Material for the task |
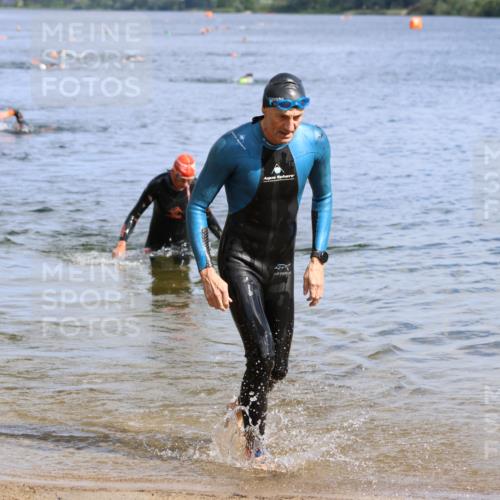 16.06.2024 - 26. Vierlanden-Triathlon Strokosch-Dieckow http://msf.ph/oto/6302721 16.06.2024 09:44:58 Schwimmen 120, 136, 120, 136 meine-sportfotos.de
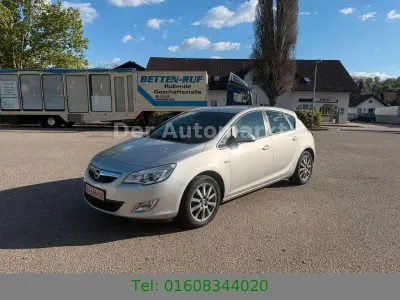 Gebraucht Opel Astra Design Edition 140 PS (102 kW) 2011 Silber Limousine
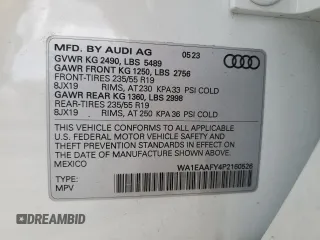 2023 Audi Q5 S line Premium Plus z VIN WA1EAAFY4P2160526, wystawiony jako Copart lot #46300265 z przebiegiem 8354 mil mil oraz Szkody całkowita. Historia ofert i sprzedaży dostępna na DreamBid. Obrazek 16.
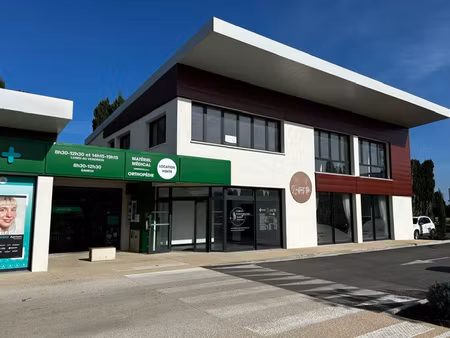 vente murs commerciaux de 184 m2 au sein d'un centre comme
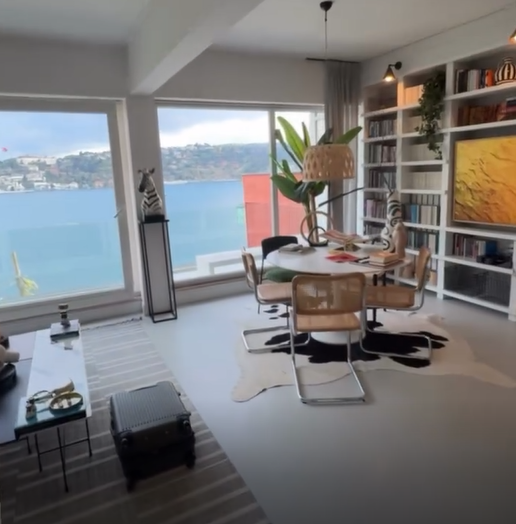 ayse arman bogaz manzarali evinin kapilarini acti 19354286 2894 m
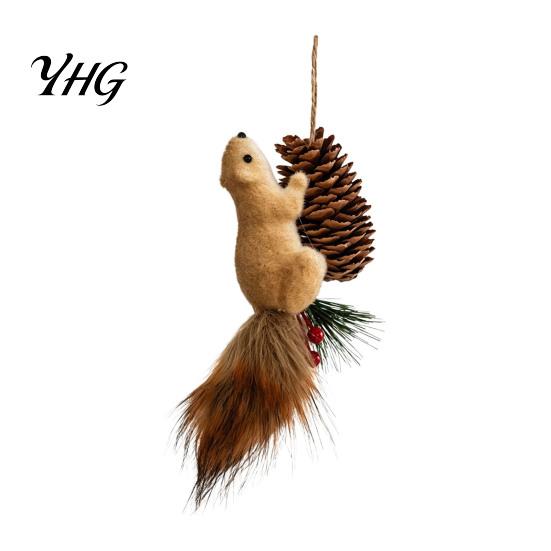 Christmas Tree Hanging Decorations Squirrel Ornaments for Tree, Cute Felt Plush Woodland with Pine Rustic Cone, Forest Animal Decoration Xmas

Exercise aim | If the records contain pictures, skip them, and transcribe exactly every line from the one with "Gebraucht Opel Astra" through the last line.

Task output |
 Gebraucht Opel Astra Design Edition 140 PS (102 kW) 2011 Silber Limousine
 2023 Audi Q5 S line Premium Plus z VIN WA1EAAFY4P2160526, wystawiony jako Copart lot #46300265 z przebiegiem 8354 mil mil oraz Szkody całkowita. Historia ofert i sprzedaży dostępna na DreamBid. Obrazek 16.
 vente murs commerciaux de 184 m2 au sein d'un centre comme
 ayse arman bogaz manzarali evinin kapilarini acti 19354286 2894 m
 Christmas Tree Hanging Decorations Squirrel Ornaments for Tree, Cute Felt Plush Woodland with Pine Rustic Cone, Forest Animal Decoration Xmas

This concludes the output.